Developing
low-cost, efficient, and stable oxygen reduction reaction
(ORR) electrocatalysts is crucial for the commercialization of energy
conversion devices such as metal–air batteries. In this study,
we report a Mn-doped Zn metal–organic framework-derived porous
N-doped carbon composite (30-ZnMn-NC) as a high-performance ORR catalyst.
30-ZnMn-NC exhibits excellent electrocatalytic activity, demonstrating
a kinetic current density of 9.58 mA cm–2 (0.8 V)
and a half-wave potential of 0.83 V, surpassing the benchmark Pt/C
and most of the recently reported non-noble metal-based catalysts.

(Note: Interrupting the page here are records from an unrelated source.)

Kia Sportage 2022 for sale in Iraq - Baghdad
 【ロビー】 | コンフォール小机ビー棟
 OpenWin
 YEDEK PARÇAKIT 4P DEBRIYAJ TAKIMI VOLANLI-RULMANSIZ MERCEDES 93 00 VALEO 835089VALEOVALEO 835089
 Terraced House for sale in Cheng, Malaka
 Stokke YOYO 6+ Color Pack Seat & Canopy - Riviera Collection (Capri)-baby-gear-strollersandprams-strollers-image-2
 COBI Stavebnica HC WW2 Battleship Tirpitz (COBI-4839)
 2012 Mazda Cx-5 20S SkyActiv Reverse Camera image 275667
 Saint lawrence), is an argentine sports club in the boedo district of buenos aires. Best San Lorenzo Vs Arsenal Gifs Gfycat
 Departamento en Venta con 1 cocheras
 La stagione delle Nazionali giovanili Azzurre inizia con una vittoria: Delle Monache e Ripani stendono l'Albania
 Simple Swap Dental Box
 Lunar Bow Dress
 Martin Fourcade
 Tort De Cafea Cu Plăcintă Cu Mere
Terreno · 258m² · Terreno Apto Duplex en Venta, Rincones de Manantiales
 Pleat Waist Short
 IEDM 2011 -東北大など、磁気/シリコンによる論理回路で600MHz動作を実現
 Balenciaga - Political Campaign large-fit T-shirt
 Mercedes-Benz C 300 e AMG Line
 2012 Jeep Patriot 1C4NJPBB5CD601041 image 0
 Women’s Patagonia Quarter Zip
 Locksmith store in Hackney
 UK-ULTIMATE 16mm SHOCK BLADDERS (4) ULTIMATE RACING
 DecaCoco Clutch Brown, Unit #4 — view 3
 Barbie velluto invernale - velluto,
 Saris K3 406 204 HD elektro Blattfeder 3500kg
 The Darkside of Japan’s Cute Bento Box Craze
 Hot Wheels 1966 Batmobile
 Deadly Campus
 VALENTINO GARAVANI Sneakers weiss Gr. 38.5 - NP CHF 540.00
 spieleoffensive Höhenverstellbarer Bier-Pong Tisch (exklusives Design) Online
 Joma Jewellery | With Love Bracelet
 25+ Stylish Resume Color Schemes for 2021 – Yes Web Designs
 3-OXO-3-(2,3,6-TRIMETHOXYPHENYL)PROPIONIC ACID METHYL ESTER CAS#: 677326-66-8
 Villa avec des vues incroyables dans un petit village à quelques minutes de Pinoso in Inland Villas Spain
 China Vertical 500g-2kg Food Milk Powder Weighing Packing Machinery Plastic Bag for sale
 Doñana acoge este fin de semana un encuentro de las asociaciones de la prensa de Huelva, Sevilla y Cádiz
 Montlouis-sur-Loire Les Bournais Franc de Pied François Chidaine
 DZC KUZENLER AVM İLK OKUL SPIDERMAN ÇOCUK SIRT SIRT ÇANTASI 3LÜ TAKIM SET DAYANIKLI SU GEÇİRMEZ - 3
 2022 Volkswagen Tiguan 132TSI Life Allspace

Moreover, the assembled zinc–air battery with 30-ZnMn-NC demonstrates
high peak power densities of 207 and 66.3 mW cm–2 in liquid and flexible batteries, respectively, highlighting its
potential for practical applications. The excellent electrocatalytic
activity of 30-ZnMn-NC is attributed to its unique porous structure,
the strong electronic interaction between metal Zn/Mn and adjacent
N-doped carbon, as well as the bimetallic Mn/Zn–N active sites,
which synergistically promote faster reaction kinetics. This work
offers a controllable design strategy for efficient electrocatalysts
with porous structures and bimetallic active sites, which can significantly
enhance the performance of energy conversion devices.